Mas perderam a guerra, eles próprios, alemães, e acabaram em ruína análoga. Na ressaca da primeira conflagração mundial, as nações pensantes organizaram-se na predecessora da ONU, para que jamais ocorresse miséria como a que despedaçara vencidos e vencedores. Transitória ilusão, nem vinte anos depois andavam de novo com a Alemanha às voltas, fazendo de conta que não acontecia o que estava a acontecer. Outro banho de sangue, miséria mais vasta ainda. Quem garantiria que a Alemanha não se aprestasse para o terceiro round, após breve interregno no III reich? Ninguém na sua boa-fé! No entanto, o perigo seria o eslavo.

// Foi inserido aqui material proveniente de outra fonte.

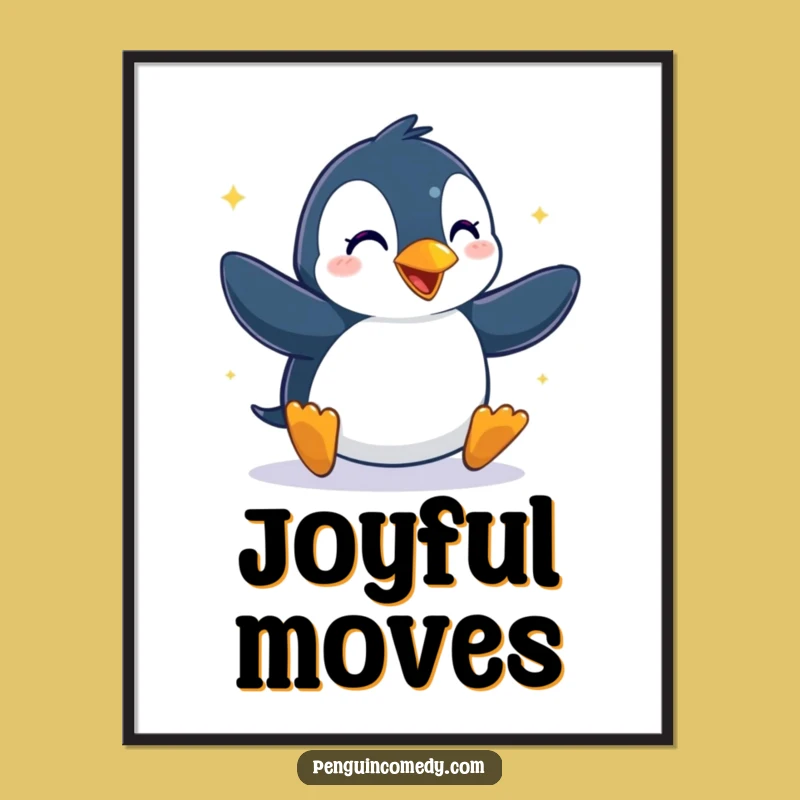 Funny Penguin Dancing Poster - Hilarious Wall Art for a Joyful Space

Para o perigo russo já a Virgem Santíssima nos avisara no altar do mundo. Não é que na Cova da Iria, na sua terceira aparição, em Julho de 1917, no que constitui matéria do II segredo, se pede aos pastorinhos que rezem pela conversão da Rússia? Eles, que nem a Ourém tinham ido à feira, ei-los a rezar para que a cinco mil quilómetros de distância os russos não espalhem os seus erros pelo mundo, promovendo guerras e perseguições, à igreja, também pois está claro!

Eu só me pergunto: o que a Virgem Mãe cá veio fazer? Como é que teria deixado passar em branco o perigo germânico? Mais, em Julho de 1917, nem sequer a revolução de Outubro tinha acontecido. Em Julho de 1917 os cristãos ortodoxos eram tão tementes a Deus como os romanos. Em Julho de 1917, nenhum pope de aldeia tinha consumições além do rebanho de fiéis, do rebanho de filhos, da engorda do porco e do pasto para a vaca!

Viria, Maria de Nazaré, na antevisão dos deicidas do Kremlin! Mas, desculpe-se-me a insistência: com tanto mal que haveria de vir ao mundo pela loucura de uns e de outros, como é que só um é o apontado? Custa-me a viver com a providência divina pela metade. Terá confidenciado aos atónitos pastorinhos que outra guerra se iniciaria, que haveria sofrimento e aniquilação, mas que por fim o seu Imaculado Coração triunfaria e que o Santo Padre lhe consagraria a Rússia. E nem uma palavra para os germânicos? Eu, se fosse alemão, revoltava-me com tal indiferença!

Descontem-me a ironia. Não é só Roma que precisa da filiação russa. Não há Europa estável sem Rússia, e nada do que é feito favorece esse caminho. O Kremlin terá apadrinhado um referendo na Crimeia e, num flic-flac, adeus Ucrânia, olá Rússia. Não há coração pensante que não se indigne com semelhante ofensa à integridade territorial. Que me conste, a Sérvia ficou sem o Kosovo pelos meus procedimentos, com a inspiração americana e o aplauso dos parceiros europeus. Vá-se lá entender o direito internacional!